所有するということ
何かを自分の手に入れる。
すると、それは自分のもの。
これが所有するということですね。
動物も縄張り争いをしたり、雌を巡って雄同士が争ったりします。
動物の世界でも、ここはオレの縄張りだ、この雌はオレの物だ、と動物なりの所有意識があるのかもしれません。
人間も動物の一つですから、同様の所有意識があっても、不思議ではありません。
実際、領土を巡っての争いがありますし、異性間のトラブルも後を絶ちません。
これは力のある物が、全てを手に入れるという構図になっています。
全てを手に入れても、力が落ちてしまうと、途端に他の者に、全てを奪われてしまいます。
動物の世界でも、ある群れのボスが、若い雄に地位を奪われて、すごすごとその場を離れるという光景は、いくらでもあります。
ボスの座を奪った若い雄も、いずれは同じように、その地位を他の雄に奪われ、群れから追い出されてしまうのです。
何故、所有しようとするのでしょうか。
動物の場合、安定した餌の獲得のために縄張りを、そして自分の子孫を増やすために雌を、我が物にしようとするのだと思います。

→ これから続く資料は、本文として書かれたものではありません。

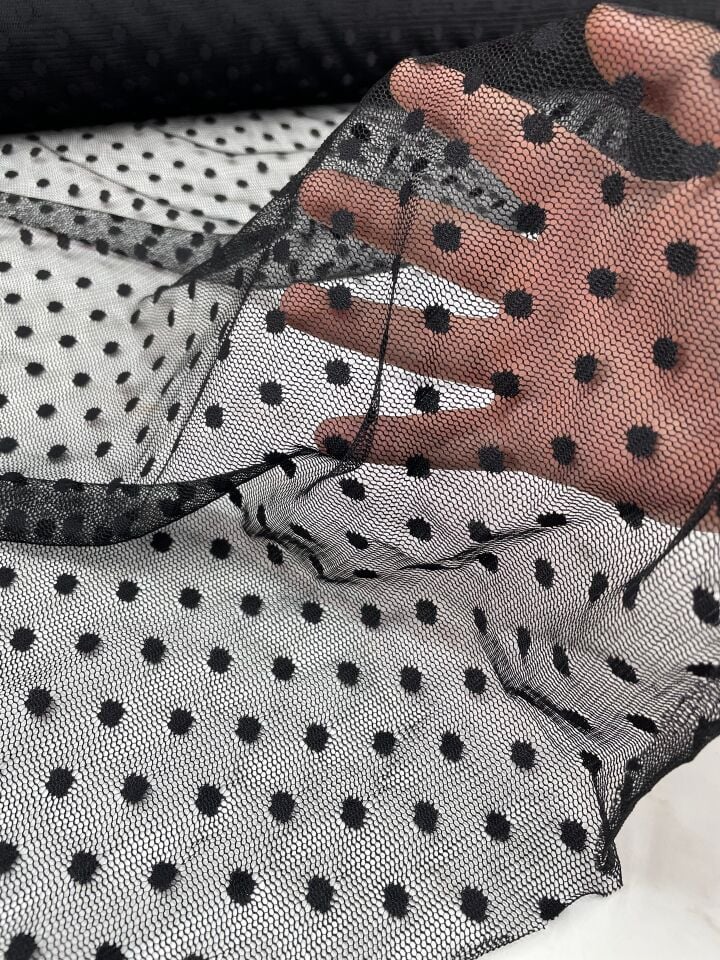 Siyah Puantiye Desen Elbiselik Abiyelik Tül Kumaş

人間の場合、領土を得ようとするのは、そこから得られる食べ物や資源などが目的です。
その他に、威厳や権力を誇示するため、軍事的拠点を獲得するため、というのもあります。
異性を我が物にしようとするのは、子孫を増やすというよりも、性欲が一番の理由でしょう。
また、自分の好みの相手を、独り占めしたいという独占欲も働きます。
そこには他の者に対する、優越感もあると思います。
いずれにしても、何かを所有するという場合、所有の対象となるのは物品です。
相手が動物、あるいは人間であっても、所有意識を持っている者からすれば、それは物品に過ぎません。
つまり、この女は俺のものだぜ、とか、この人はアタシの物よ、と言う場合、その相手の人を自分が所有する物品だと、宣言しているわけです。
相手が独立した存在であることなど、完全に無視ですね。
だから、自分の思い通りにならないと、すぐに腹を立てますし、乱暴な扱いをします。
誰が主なのかを、わからせようとするのです。
でも、誰であれ人間は、誰かの所有物ではありません。
また、動物にしてもそうです。
人が勝手に動物を商品扱いしているだけで、本来は動物も誰の物でもありません。
植物や鉱物、空気、水、存在するもの全てが、誰の物でもないのです。
人間が勝手に自分の物だと、言い張っているだけのことです。
人間が人間を所有するという概念は、通常は否定的に見られます。
しかし、人間以外のものであれば、それが動物であっても、所有が認められます。
それは、人間以外のものには、人間のような知性がないと見なしているからです。
知性がないのは物と同じという発想でしょう。
もちろん、心ある人は動物虐待など認めません。
しかし、心ない人にとっては、たかが動物じゃないか、という考えの元で、動物を好きなように扱うのです。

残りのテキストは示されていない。